* _SUPPLIED MATERIAL_:
● ● ● ●

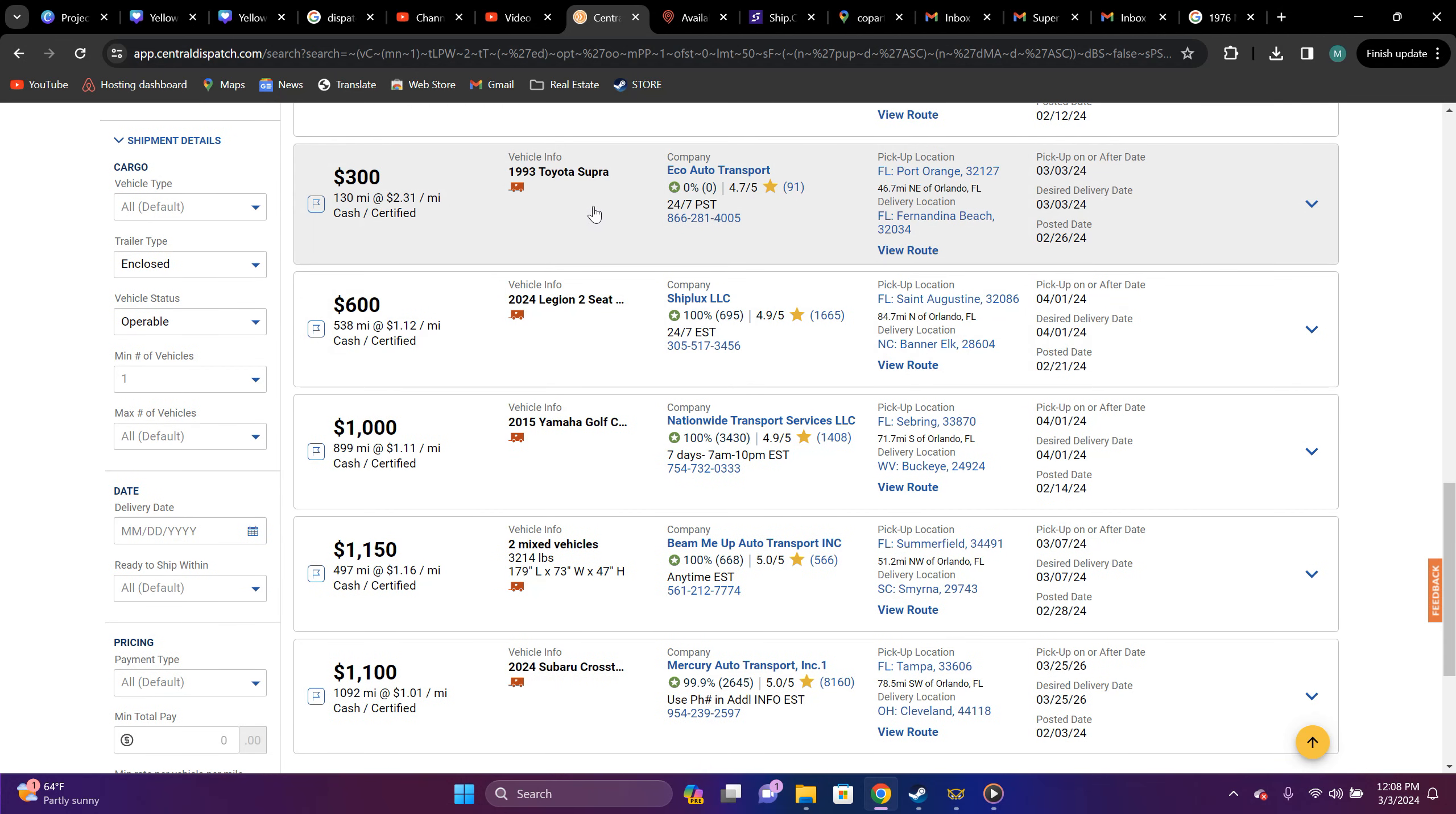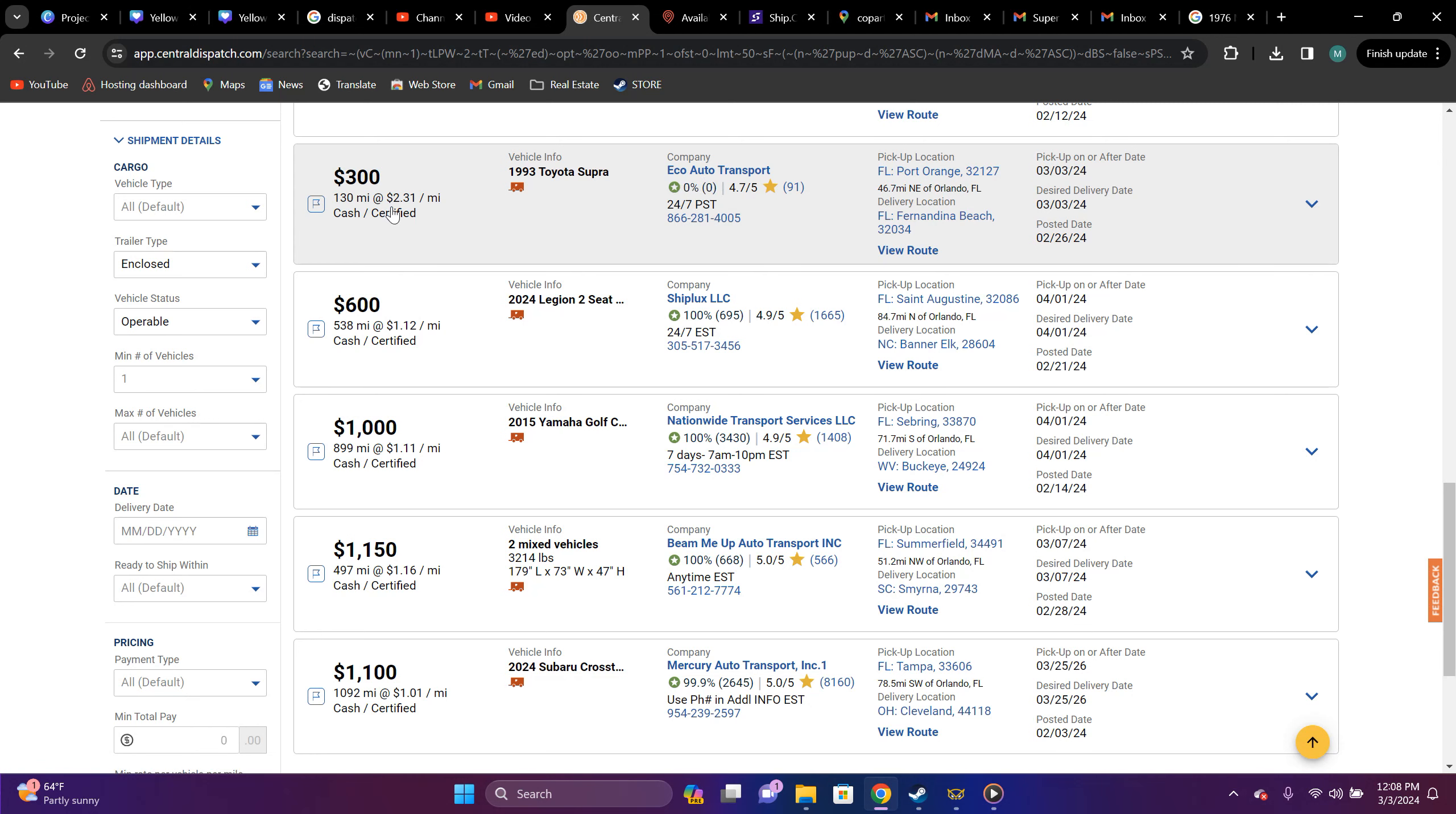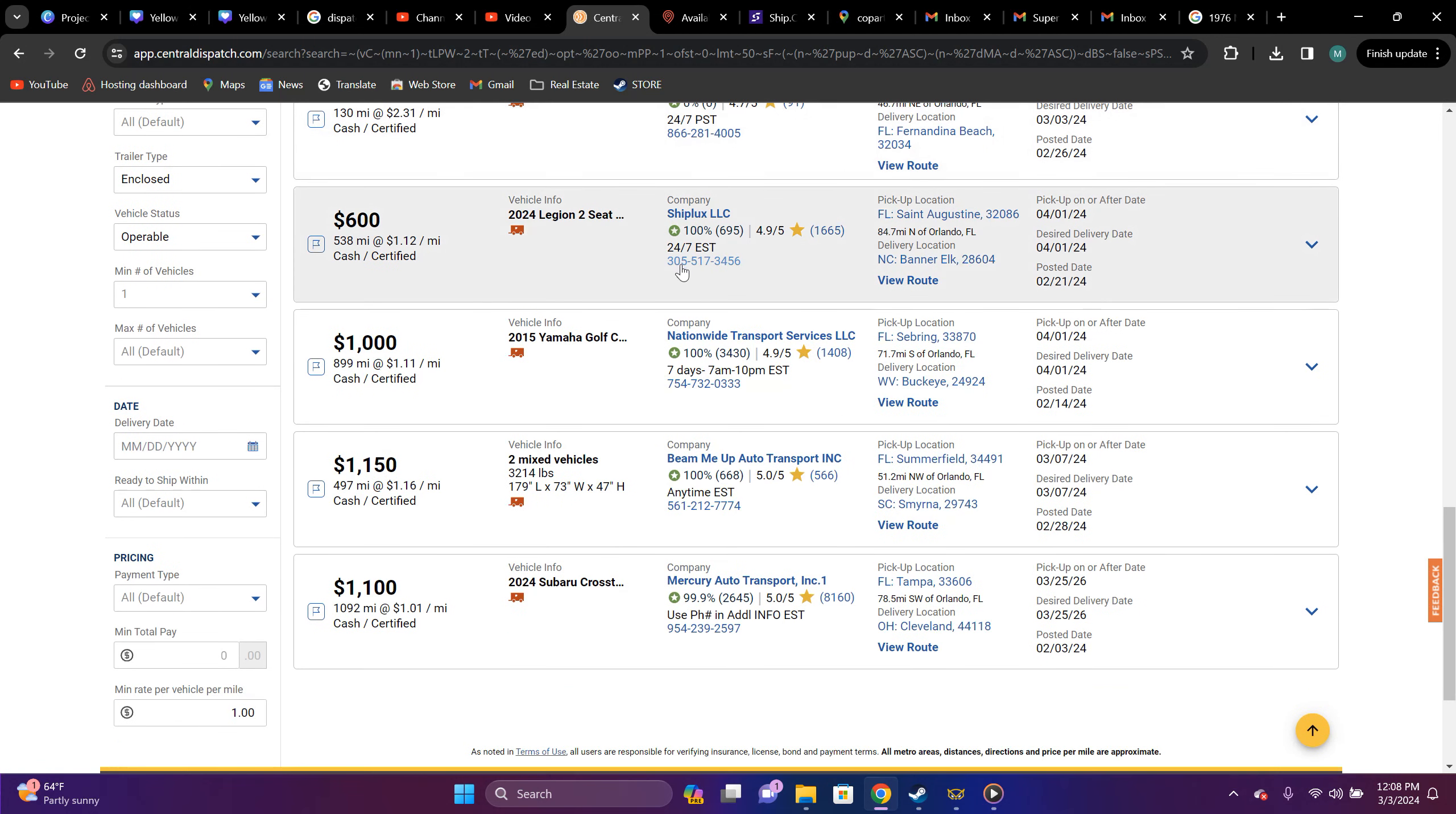1993 Toyota Supper. Port Orange, Florida to Fernandia Beach, Florida. It's $300, $130 miles, $2.31 a mile. Might not be too bad. I would definitely take that.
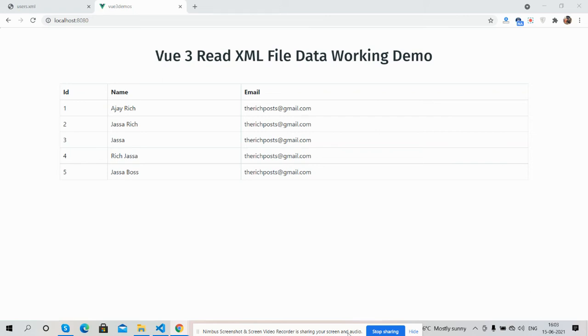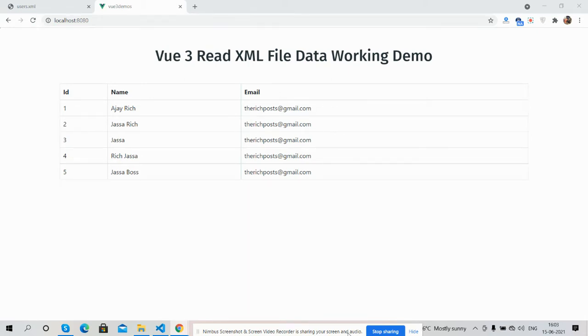Hello guys, welcome back to my channel. This is Ajit and I hope you are doing great. In this working video I am going to show you Vue3 Vue.js - how to read XML file data and show it inside a table.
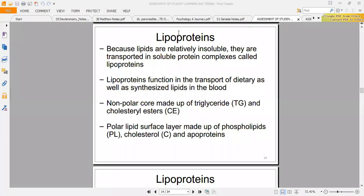Bile must be present to emulsify the fat so that the pancreatic lipase can work. After the pancreatic lipase has worked, the fatty acids can pass through the cell membrane into the enterocytes. Glycerol and cholesterol can also enter the enterocytes.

● ● ● ●

* _ABOUT THIS TASK_: Give back all of the data exactly, but not the pictures.

* _OUTPUT FOR THIS TASK_:
1993 Toyota Supper. Port Orange, Florida to Fernandia Beach, Florida. It's $300, $130 miles, $2.31 a mile. Might not be too bad. I would definitely take that.
Hello guys, welcome back to my channel. This is Ajit and I hope you are doing great. In this working video I am going to show you Vue3 Vue.js - how to read XML file data and show it inside a table.
Bile must be present to emulsify the fat so that the pancreatic lipase can work. After the pancreatic lipase has worked, the fatty acids can pass through the cell membrane into the enterocytes. Glycerol and cholesterol can also enter the enterocytes.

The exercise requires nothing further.